I live in LA and I trade estoxx futures using TT and clear through advantage. Mostly I point and click but I do use some automation and for the most part the lag from germany to chicago to here and back doesnt bother me. However, I'll be trading from Rio de Janeiro quite a bit this year and that distance combined with the generally poorer quality internet infrastructure is a different ballgame. I've already traded quite a bit on my laptop over the internet and it wasnt so great which makes me think I should put a box in advantage's office in chicago and remote desktop into it. ive experimented with that in the past (~2006) though and didnt like it, due to a significant lag in the mouse scroll. my question is has this tech improved such that no lag will be noticed? are there monitor limitations to RDP? i currently use a 30"-will that cripple an RDP's speed? does anyone have any helpful suggestions/solutions to my coming dilemma? thanks-
You are probably hurting yourself by using a remote desktop session. I host a few and rent/lease them to equity traders so I know at least a little bit about the space. I probably tell 10-15 traders a week that renting a remote desktop session isn't worth it if they are manually trading. In fact, you probably assume more risk because in the event of a disconnect you still appear to be logged in from your broker's point of view. You are also carrying the same latency with or without the RDP because the mouse click is back at the client machine vs. the host.
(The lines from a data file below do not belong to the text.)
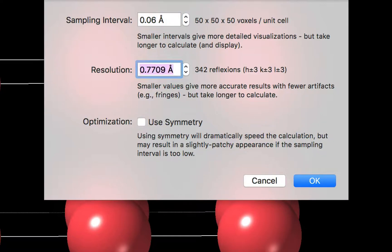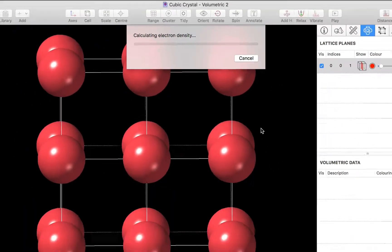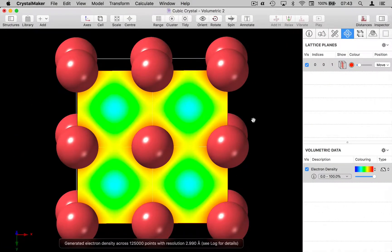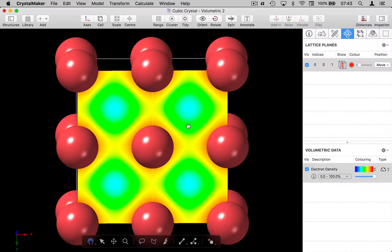For the sake of illustration I'm going to enter a very low resolution here. I click the OK button and we get an electron density map which initially is displayed as a lattice plane section.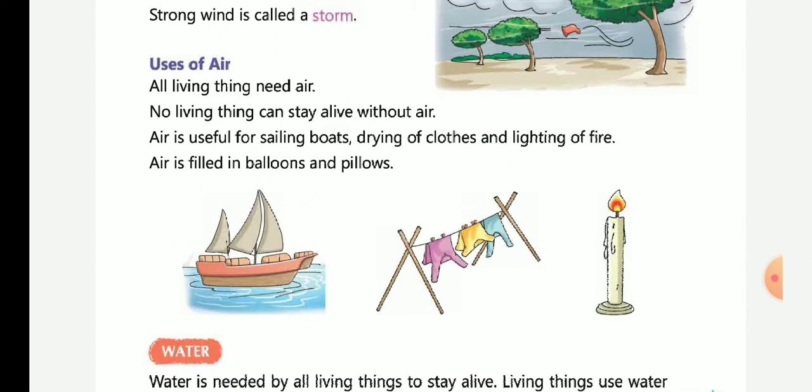Now our topic is Uses of Air. All living things need air. No living thing can stay alive without air. Air is useful for sailing boats, drying of clothes, and lifting of fire. Air is also filled in balloons and pillows.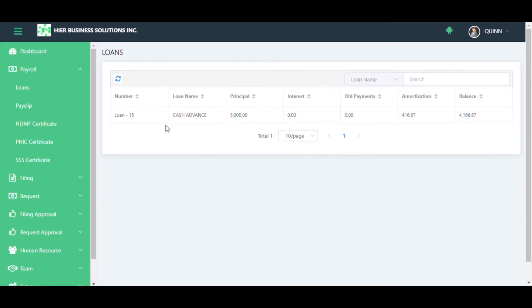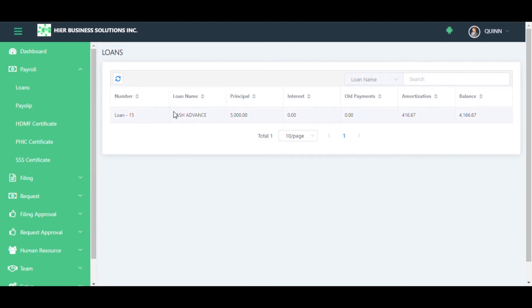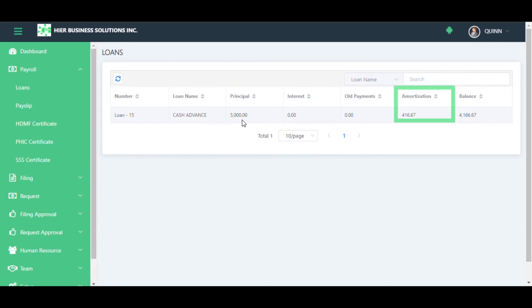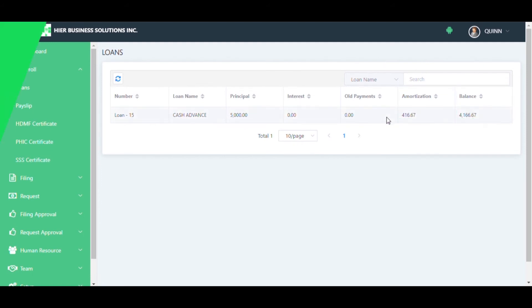For example, I have an existing cash advance loan. Along with the name of the loan, you can see the principal amount, interest, all payments, the monthly amortization, and your total balance as of date.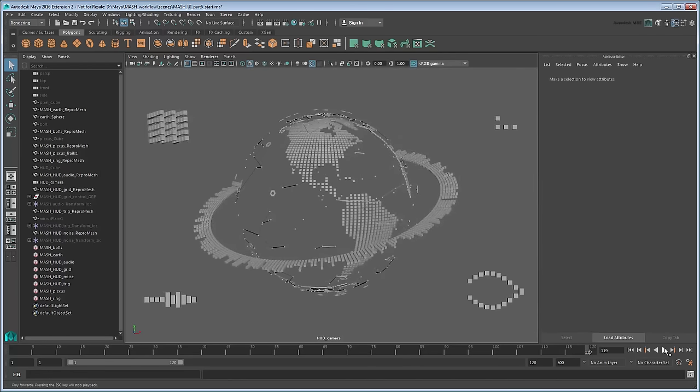We'll then show you how to export these effects as individual layers to Adobe After Effects to finish them into a final scene.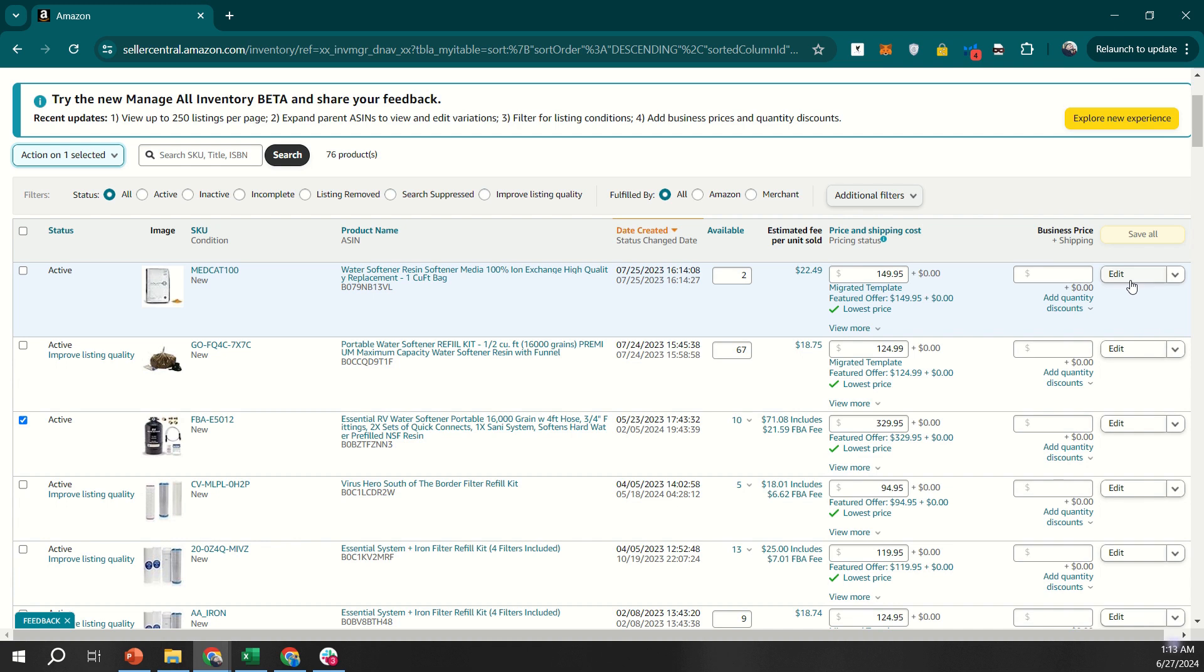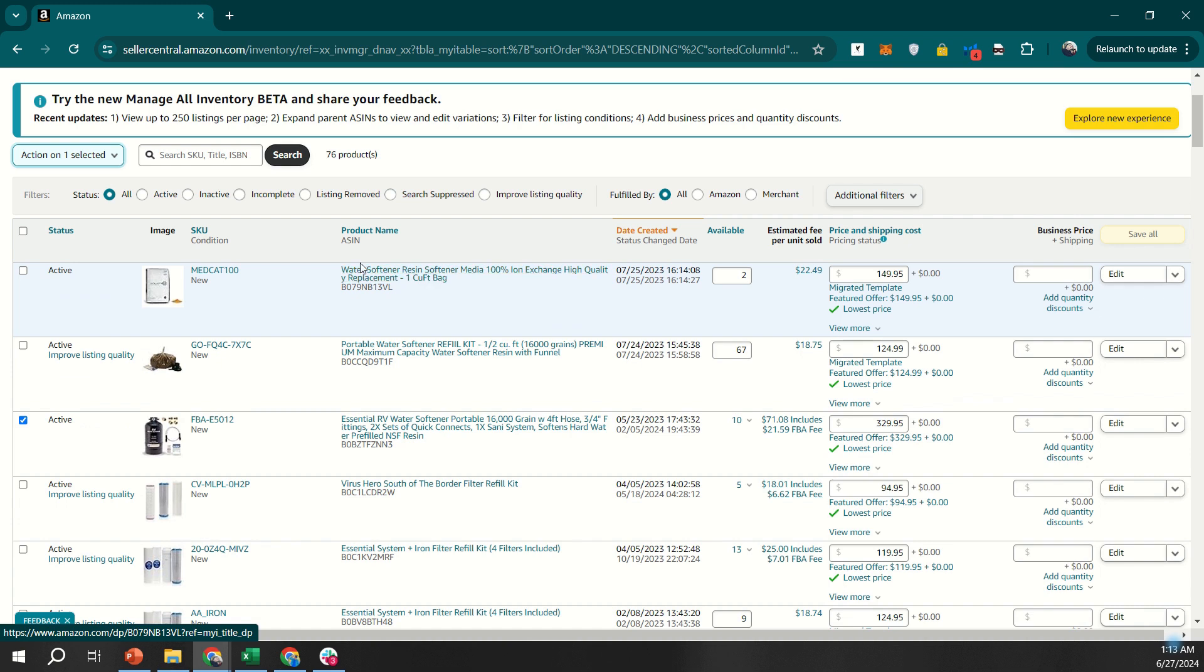If you need to update multiple products at once, use the Upload Inventory File feature. Go to the Catalog tab and select Add Products via Upload. Download the template, fill in the necessary details, and upload it back to Seller Central. This method is especially useful for managing a large inventory.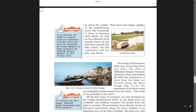To accelerate efforts to achieve universal sanitation coverage, the Prime Minister of India launched the Swachh Bharat Mission on 2 October 2014.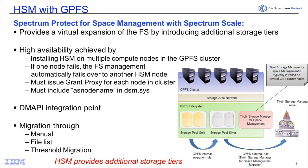Be sure to check out our other videos on doing GPFS backup to the Spectrum Protect server using MMBackup, and on doing disaster recovery using SOBAR. Thank you.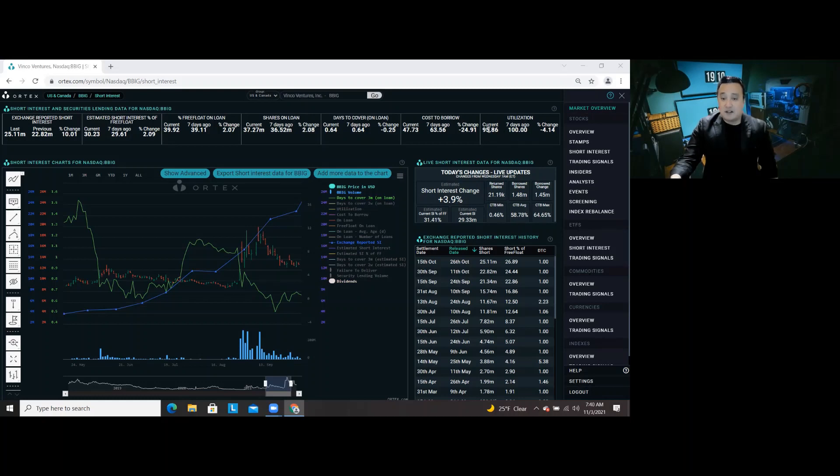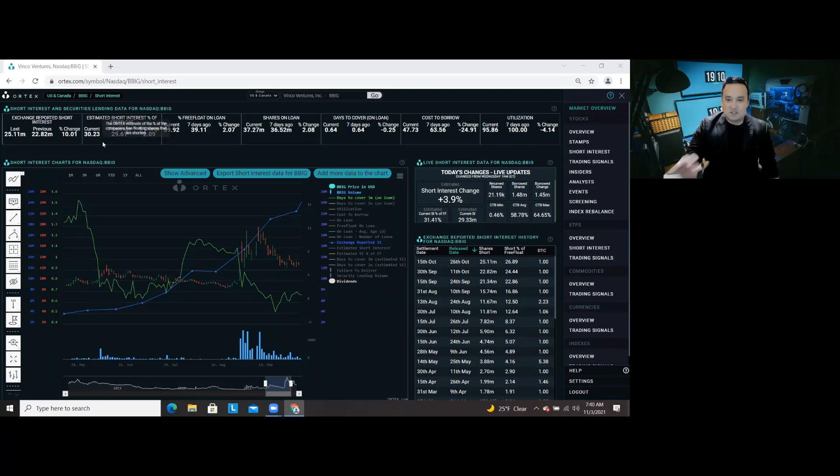Utilization went down a little bit, now it's 95.86. Yesterday, like around 7 p.m., it was about 99%.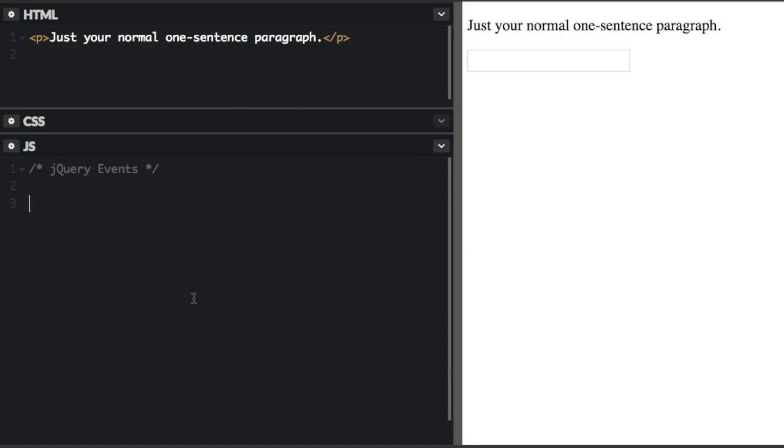In my last video, I introduced jQuery. In this video, I'm going to talk a little more about jQuery events.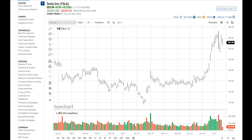Hi, and welcome to this short tutorial that will provide an overview of Barchart's new interactive charts. During this video, I will demonstrate how to use the grid chart and multi-chart mode available on the new charts for our Barchart Plus and Barchart Premier members.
Are you remoting into a server OS or a desktop OS? Try this: http://windows.microsoft.com/en-US/windows7/Optimize-Windows-7-for-better-performance#section_7 then right click on my computer, go to manage (run as admin) go to Services & Applications and then go to Themes, click disable and stop - hit Apply & OK. when you start a RDP session click on options and expand the menu - go to Display tab - turn down the color as much as possible without things looking weird. Under Local Resources: remote audio - kill it all Local devices & resources - uncheck them all Under Experience - select accurate connection (probably 56k or low-speed broadband) good luck - what do you do if you are in a location that drops and you lose connection?
thanks for the response. i would be remoting into a desktop OS. i guess i dont understand why i should operate locally. if the lag is the same in both cases and about 30% of my trades are automated then it seems obvious to me i should operate remotely so my automation doesnt have to deal with ~2.5 rt times to brasil. what am i missing? also if my connection drops, as it does more than i'd like in brasil, whats the difference if im local or remote? i have to call eurex either way to cancel orders. its possible my automation keeps firing when i dont want it to but given its directions im not really concerned about massive losses from that. please anyone with info/experience keep the responses coming!
You're correct that a remote desktop would work best if you're automating. Follow WinstonTJs suggestions. Also if possible make sure you're using the latest Microsoft Remote Desktop technologies. The latest version of the client appears to be v7 and requires XP SP3, or Vista SP1, or Vista SP2. It may also be beneficial to be running Windows 7 or Windows Server 2008 as your remote desktop OS. Bottom line, international internet connections are going to have higher latency and there is not much you can do about that.